CloudFileSystem is a robust, resilient distributed file storage simulation platform designed to demonstrate advanced distributed systems concepts. It integrates a secure Java Spring Boot backend, a modern React frontend, and a Python-based Machine Learning service for predictive scaling.
- Distributed Architecture: Simulates file storage across multiple nodes with automated replication and fault tolerance.
- Predictive Auto-Scaling: Utilizes a Random Forest ML model to predict system load 30 minutes in advance and proactively provision resources.
- Modern Dashboard: A responsive, industry-standard React/TypeScript UI for managing files, users, and viewing real-time system metrics.
- Enterprise Security: Role-Based Access Control (RBAC) with JWT authentication and secure file permissions.
- DevOps Ready: Fully containerized with Docker, orchestrated with Docker Compose, and CI/CD ready with Jenkins pipelines.
The system operates on a microservices-inspired architecture:
graph TD
User[User] -->|HTTPS| Frontend[React Dashboard]
Frontend -->|REST API| Backend[Spring Boot Backend]
Backend -->|JDBC| DB[(Database)]
Backend -->|I/O| Nodes[Storage Nodes]
Backend -->|JSON| ML[ML Predictor Service]
ML -->|Model| Prediction[Load Prediction]
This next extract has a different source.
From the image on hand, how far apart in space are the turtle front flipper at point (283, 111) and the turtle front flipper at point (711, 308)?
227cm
Backend -.->|Scale Up/Down| Nodes
| Module | Description |
|---|---|
backend |
Spring Boot application handling core logic, file management, and APIs. |
frontend |
React + Vite application providing the user interface. |
ml-service |
Python Flask service for load prediction and data analysis. |
ops |
Infrastructure as Code (IaC), Docker Compose, and Jenkins configurations. |
docs |
Comprehensive documentation and setup guides. |
- Java JDK 17+
- Node.js 18+
- Python 3.9+
- Docker (Optional, for containerization)
cd backend
./mvnw clean install
java -jar target/CloudFileSystem-1.0-SNAPSHOT.jarThe backend runs on http://localhost:8080.
cd frontend
npm install
npm run devThe dashboard runs on http://localhost:5173.
cd ml-service
python -m venv venv
source venv/bin/activate # Windows: venv\Scripts\activate
pip install -r requirements.txt
# Generate Data & Train Model (Required on first run)
python generate_data.py
python train_model.py
python app.pyThe ML service runs on http://localhost:5000.
- Complete Setup Guide: Detailed step-by-step installation instructions.
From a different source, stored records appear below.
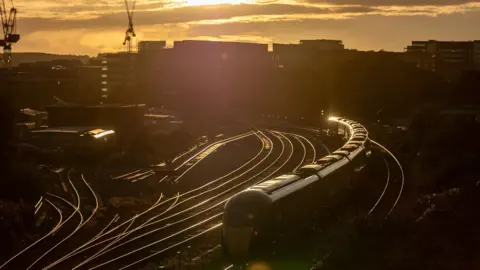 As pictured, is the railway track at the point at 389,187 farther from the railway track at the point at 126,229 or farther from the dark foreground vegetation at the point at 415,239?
the railway track at the point at 126,229

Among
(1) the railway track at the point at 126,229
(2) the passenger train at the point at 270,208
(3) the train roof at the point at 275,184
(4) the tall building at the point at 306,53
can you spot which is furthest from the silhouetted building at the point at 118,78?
(3) the train roof at the point at 275,184

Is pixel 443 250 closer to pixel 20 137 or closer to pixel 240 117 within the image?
pixel 20 137

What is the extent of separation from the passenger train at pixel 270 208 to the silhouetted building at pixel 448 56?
11528 centimetres

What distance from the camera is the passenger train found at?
16531mm

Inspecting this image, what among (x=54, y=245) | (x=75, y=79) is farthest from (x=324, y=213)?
(x=75, y=79)

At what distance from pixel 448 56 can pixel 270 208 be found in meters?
133

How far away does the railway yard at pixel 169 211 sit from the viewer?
18.8 meters

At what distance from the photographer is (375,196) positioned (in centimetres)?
2841

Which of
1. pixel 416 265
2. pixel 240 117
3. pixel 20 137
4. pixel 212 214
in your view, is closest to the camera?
pixel 416 265

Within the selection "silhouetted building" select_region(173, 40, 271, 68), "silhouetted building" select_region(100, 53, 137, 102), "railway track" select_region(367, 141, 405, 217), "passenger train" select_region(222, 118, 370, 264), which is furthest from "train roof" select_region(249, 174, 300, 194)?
"silhouetted building" select_region(173, 40, 271, 68)

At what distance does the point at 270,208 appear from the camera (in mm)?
16766

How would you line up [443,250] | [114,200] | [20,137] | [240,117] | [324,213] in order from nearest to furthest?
[443,250] < [324,213] < [114,200] < [20,137] < [240,117]

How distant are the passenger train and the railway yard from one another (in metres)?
0.51

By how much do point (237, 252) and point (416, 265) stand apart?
4.09m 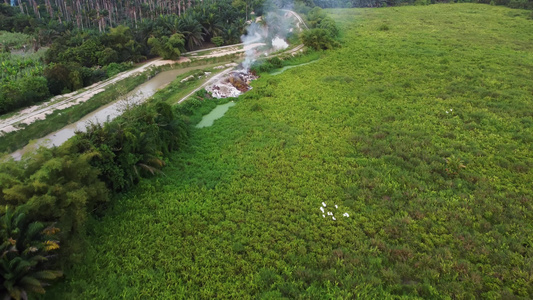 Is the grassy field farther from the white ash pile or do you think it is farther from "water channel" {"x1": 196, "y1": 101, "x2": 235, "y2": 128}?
the white ash pile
- ML System Setup: Deep dive into the predictive scaling engine.
- Future Enhancements: Roadmap for the project.
We welcome contributions! Please see our Contributing Guidelines for details.
- Fork the repository
- Create your feature branch (
git checkout -b feature/amazing-feature) - Commit your changes (
git commit -m 'Add some amazing feature') - Push to the branch (
git push origin feature/amazing-feature) - Open a Pull Request
This project is licensed under the MIT License - see the LICENSE file for details.